Updated in September 2017

Basic Policy and Organization

In accordance with our corporate philosophy of "appreciation," "nature" and "corporate openness," we aim to achieve sustainable growth and improve the mid- to long-term value of the company. We acknowledge corporate governance to be a critical management issue toward these objectives.
Our company considers further strengthening of "autonomy" complemented by "heteronomous" to be the fundamentals of our corporate governance. We will ensure objectivity and transparency, forming a basis by designing our own concept of corporate governance adapted to the present day, while incorporating diverse outside viewpoints by working to attract more "Kagome Fan Shareholders" and leveraging the function of external directors among other things.
We aim to deliver a high degree of accountability and achieve true "corporate openness" in our interactions with stakeholders, while employing the unique attributes and originality of Kagome.

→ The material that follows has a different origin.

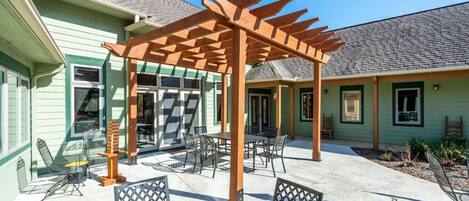 A covered patio area with outdoor seating and a pergola structure.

In March 2016, we transitioned to a corporate structure with an audit and supervisory committee. This transition separates executive functions from supervisory functions, which helps clarify business responsibility and speed up decision making and execution of operations. Upon this transition, the main duties of the Board of Directors at our company are to decide our management strategy and policies, and monitor their implementation. In order to separate execution from supervision, the chairman of the Board of Directors is designated as the Chairman of the Board of Directors meeting, and three or more external directors who satisfy the Standards for Judging the Independence of Independent External Directors set out by our company are appointed. This is boosting our effectiveness with improved, enhanced advisory and supervisory functions.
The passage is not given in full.